8. A cathode ray tube system comprising a cathodoluminescent
screen, an electron gun for projecting an electron beam onto said
screen, magnetic field-forming yoke means for scanning said beam
horizontally and vertically over said screen to produce a raster
thereon, and power supply means for energizing said screen, gun and
yoke;
said electron gun comprising in the order named a cathode, a
control grid electrode, first and second screen grid electrodes,
and first and second lens electrodes between which a main beam
focusing lens field is established;
said first screen grid electrode having an aperture therein whose
cross-sectional shape is elongated in the direction of said
horizontal scan, and said second screen grid electrode having a
circular aperture therein,
said power supply means comprising:
(a) horizontal and vertical deflection signal generators for
supplying appropriate scanning signals to said yoke,
(b) signal processing means connected to one of said deflection
signal generators for producing an astigmatism correction signal
synchronized with the scan signal from said one of said deflection
signal generators, and
(c) means coupling said astigmatism correction signal to said first
screen grid electrode,
said signal processing means comprising first and second correction
signal generators to which the outputs of said horizontal and
vertical deflection signal generators are respectively coupled, a
mixer to which the outputs of said correction signal generators are
coupled, and a phase inverter and attenuator to which the output of
said mixer is coupled, and wherein the output of said mixer is also
coupled to said first screen grid electrode and the output of said
phase inverter and attenuator is coupled to said control grid
electrode.
Description
This invention relates to cathode ray tubes, and particularly to
color picture tubes of the type useful in home television
receivers, and to electron guns therefor. The invention is
especially applicable to self-converging tube-yoke combinations
with shadow mask tubes of the type having plural-beam in-line guns
disposed in a horizontal plane, an apertured mask with vertically
oriented slit-shaped apertures, and a screen with vertically
oriented phsophor stripes. The invention is not, however, limited
to use in such tubes and may in fact be used, e.g., in dot-type
shadow mask tubes and index-type tubes.
An in-line electron gun is one designed to generate at least two,
and preferably three, electron beams in a common plane and to
direct the beams along convergent paths to a small area spot on the
screen. A self-converging yoke is one designed with specific field
nonuniformities which automatically maintain the beams converged
throughout the raster scan without the need for convergence means
other than the yoke itself.
BACKGROUND OF THE INVENTION
There has been a general trend toward in-line color picture tubes
with greater deflection angles in order to provide shorter tubes.

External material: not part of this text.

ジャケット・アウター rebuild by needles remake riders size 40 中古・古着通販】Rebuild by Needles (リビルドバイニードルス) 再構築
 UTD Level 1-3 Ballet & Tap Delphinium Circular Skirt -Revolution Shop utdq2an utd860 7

In a tube with 110.degree. deflection, it has been found that the
electron beams become excessively distorted as they are scanned
toward the outer portions of the screen. Such distortions are
commonly referred to as flare and appear on the screen of the tube
as an undesirable low intensity tail or smear extending from a
desirable intense core or spot. Such flare distortions are due, at
least in part, to the effects of the fringe portions of the
deflection field of the yoke on the beam as it passes through the
electron gun, and to the nonuniformities in the yoke deflection
field itself.
When the yoke's fringe field extends into the region of the
electron gun, as is usually the case, the beams may be deflected
slightly off axis and into a more aberrated portion of an electron
lens of the gun. The result is frequently a flare distortion of the
electron beam spot which extends from the spot toward the center of
the screen. This condition is particularly troublesome in
self-converging yokes having a toroidal deflection coil, because of
the relatively strong fringing of toroidal type coils.
Self-converging yokes are designed to have a nonuniform field in
order to increasingly diverge the beams as the horizontal
deflection angle increases. This nonuniformity also causes vertical
convergence of the electrons within each individual beam. Thus, the
beam spots are vertically overconverged at points horizontally
displaced from the center of the screen, causing a vertically
extending flare both above and below the beam spot.
The vertical flare due to both the effects of the yoke's fringe
field in the region of the gun and to the nonuniform character of
the yoke field itself is an undesirable condition which contributes
to poor resolution of a displayed image on the screen.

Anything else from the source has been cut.